音の運動に身体が感応する:ピリオド楽器の音楽の身振り

ピリオド楽器による演奏がすべてそうだというつもりはないけれど、ピリオド楽器は身振りを音化しているのだと思う。音でダンスし、音楽を演奏するという行為それ自体を舞いに変える、そんなふうに言ってみてもいいかもしれない。

それは指揮者の身体の動きを見ているとよくわかる。叩きつけて完全に地面に下ろしてしまうダウンビートではなく、グッと深く潜ってはいくけれども次の瞬間には浮力をえて必然的に体が浮かび上がってくるダウンビートであったり、ふわりと引き上げるようなアップビートであったり、次に流動的に繋がっていく動きが基調になる。

ザッザッという歯切れよさがないわけではない。音のぶつかり合いがないわけではない。けれども、ピリオド楽器による演奏の音は、上に舞い上がり、横に流れていき、静止することが少ない。

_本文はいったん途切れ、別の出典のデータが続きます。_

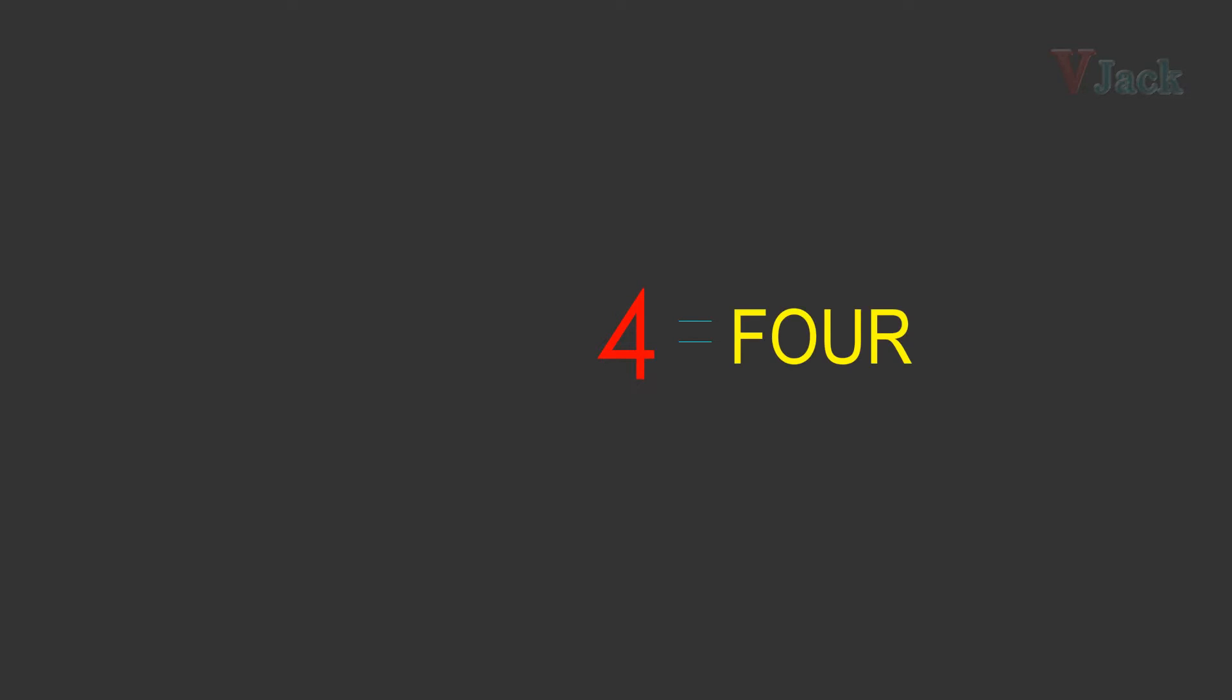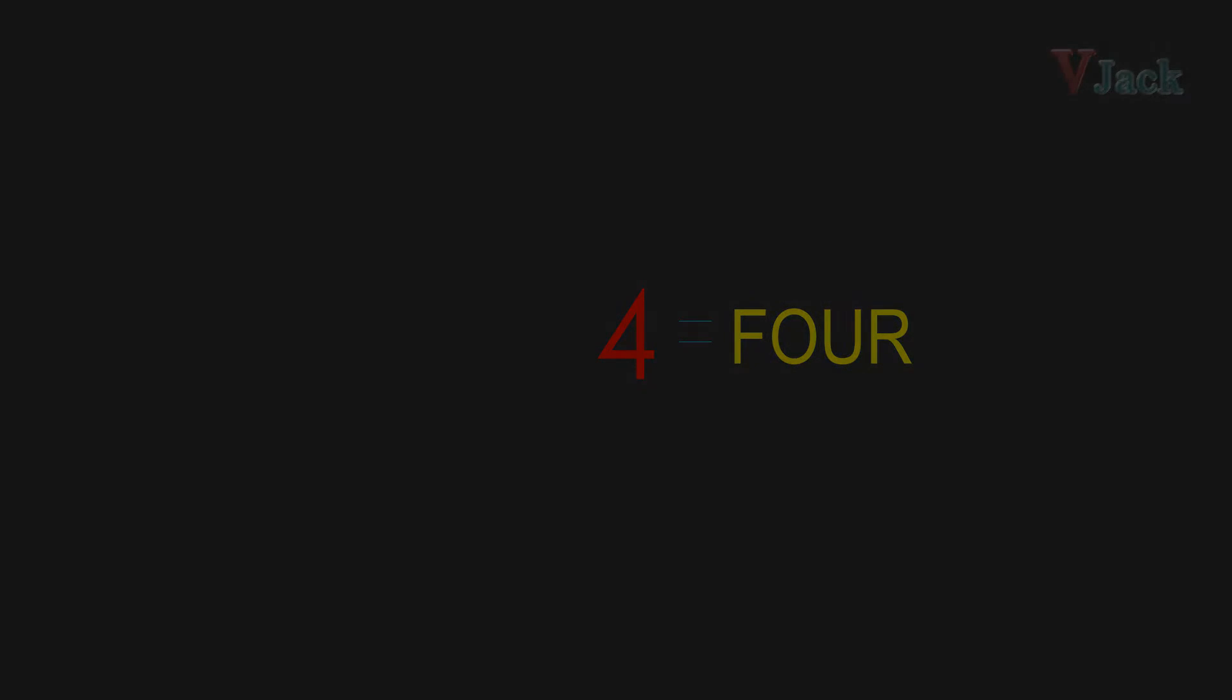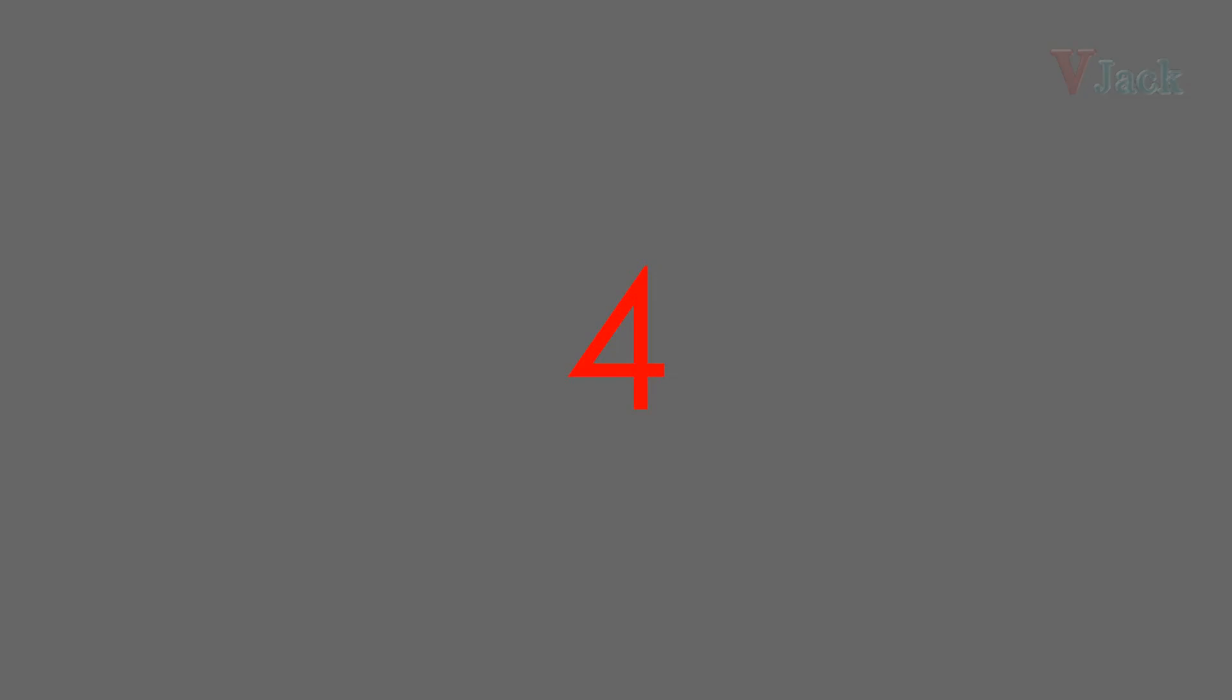Today I am going to show you how to write number four. So look at your screen, you can see number four which changes color. Watch it carefully. Now try to remember how it looks.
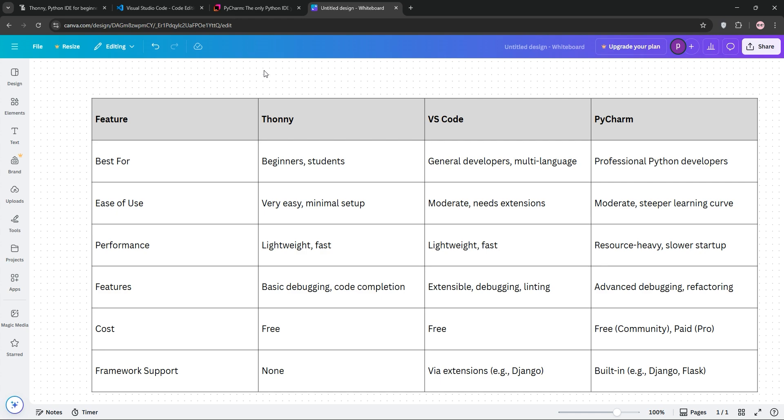Beginners, Thani's your pick for ease. Generalists or budget conscious, VS Code's versatility wins. Professional Python devs, PyCharm's depth is unmatched. Check out the comparison chart below to see the differences at a glance. Which IDE suits you? Let me know in the comments and happy coding!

それはもしかすると、ピリオド楽器自体が要求するムーブメントなのかもしれない。ピリオド楽器を弾いたことがないので、想像でしかない部分も多いし、弦楽器のことしかわからないけれども、モダン楽器に比べると、弓の毛は強く張られていて、弦にたいする弓圧は弱いようだ。その代わり、弓が速く動く。

あくまで自分が理解するかぎりのことだけれど、弦楽器の音は、弓が弦を下向きに押さえつける圧力と、弓が弦の上をすべっていく速度という、ふたつの異なったベクトルのバランスが重要で、圧が低いと音が抜けるし、圧が強すぎると軋んだ音になってしまうけれども、弓が速すぎると弦との摩擦が足りなくて音がでないし、遅すぎると摩擦が強すぎて弓が弦に絡まってしまって音にならないというジレンマを抱えているのだけれど、速度を落として圧をかけるほうがモダン楽器の生理に合うし、圧を弱めて速度を上げるほうがピリオド楽器の生理に合うのだろう。

弓圧が軽くなり、軽快な動きが基調となった結果、楽器を弾く身体そのものの強張りも緩められるのかもしれない。ピリオド楽器とモダン楽器では、それを奏でる身体の筋肉の緊張の具合がそもそも原理的に違うのではないかという気もする。

それが正しいかはともかく、モダン楽器による音楽が単音の実在感によっても成り立ってしまう一方で、ピリオド楽器による音楽はつねに複数の音の関係を前提にしているのはたぶん間違いないと思う。だからこそ、ピリオド楽器の演奏においては、フレーズのアーティキュレーションが重要になるし、だからこそ、ピリオド楽器の演奏は身振りであり舞いなのだ。静止したドットをつないだ図形ではなく、動き続ける線によるシークエンスであり、アニメーションなのだ。だから音は横に上にと伸びていく。

完全に止まるということがなく、いつまでも伸びて流れていく、けれども、無軌道にあちこちに流れていくのではなく、微細な装飾を伴いながら一定のパターンを繰り返し描き出しながら、最終的にはひとつの方向を目指して大きく流れていく。

ミクロな運動性と、マクロな方向性とが、とても見えやすく、とても聞こえやすいからこそ、演奏者の身体だけではなく、聴者の身体までもが、音楽の運動に感応しやすいのだ。ピリオド楽器の演奏が与えてくれる生理的な爽快感はそこにあるのだと思う。